I really enjoy the arXiv blog, the blog that covers things in the pre-print archive for physics journals. Yes, we have an archive of things that have yet to be printed. Yes, we use a time machine for that. No, you can not borrow our time machine. The last time we loaned it out someone got drunk in it and then killed Hitler. Actually, every time we loan it out that happens. So, no more borrowing of the time machine. I apologize in advance.
Now on the the meaty things. Recently in arXiv this was posted:
http://www.technologyreview.com/blog/arxiv/24124/#commentsAs with anything amusing and controversy provoking the more extravegant claims are likely crap.
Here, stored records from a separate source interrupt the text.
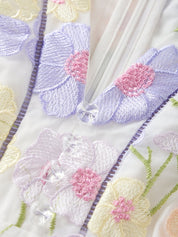 Amara embroidered dress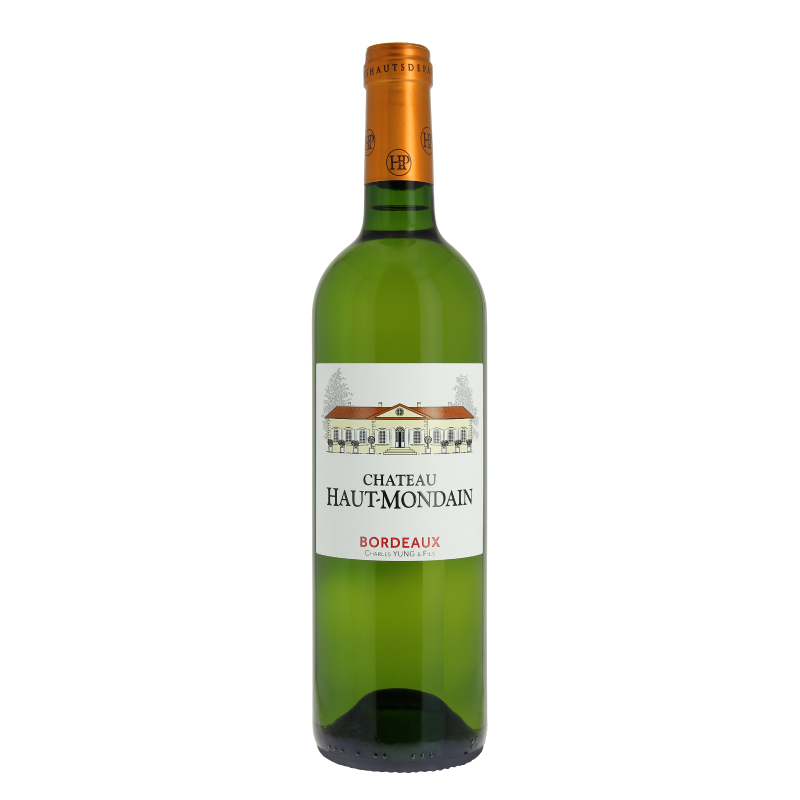 Château Haut Mondain vin blanc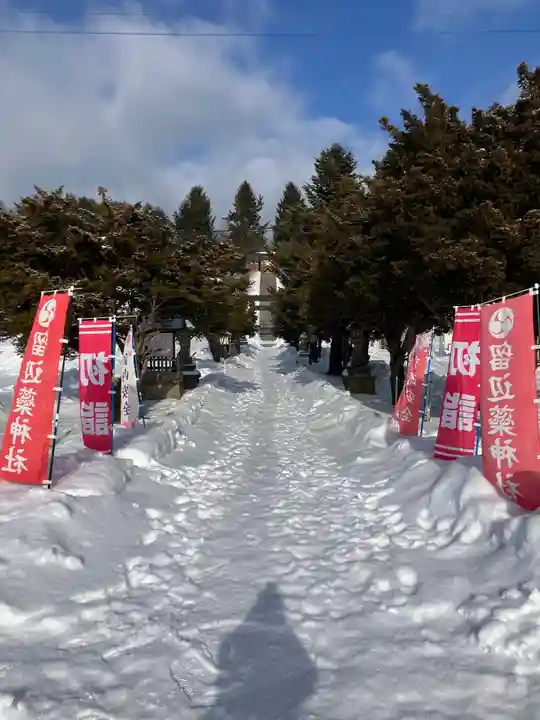 留辺蘂神社(北海道)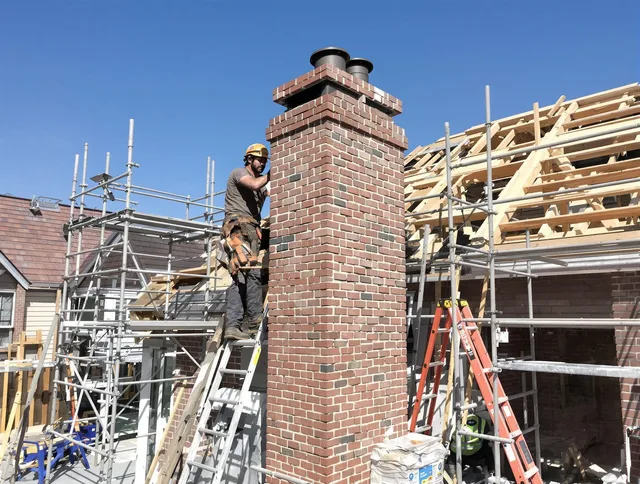 New chimney installation completed by Weddington Chimney Sweep in Weddington, NC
Let me sum thing up for people who didn't read the link. The kinds of errors people make around conjunctive and dysjunctive probabilities maps better onto the kind of treatment of probability used in quantum mechanics than in classical mechanics. The differences between these two is subtle and in general not significant as it comes to the kind of formalism used in the math with the quantum kind being a little looser in some ways than the classical kind. Also, it's useful to note that this is merely the same kind of math not a direct analog between say quantum and classical physics. And yet, it is neat to think that some of our fuck ups in reasoning suggest that something non-classical is happening in how we think. Though really that way lies SF, sciences current way of placing a label that says "here be dragons" on a weird and unlikely side road of thought.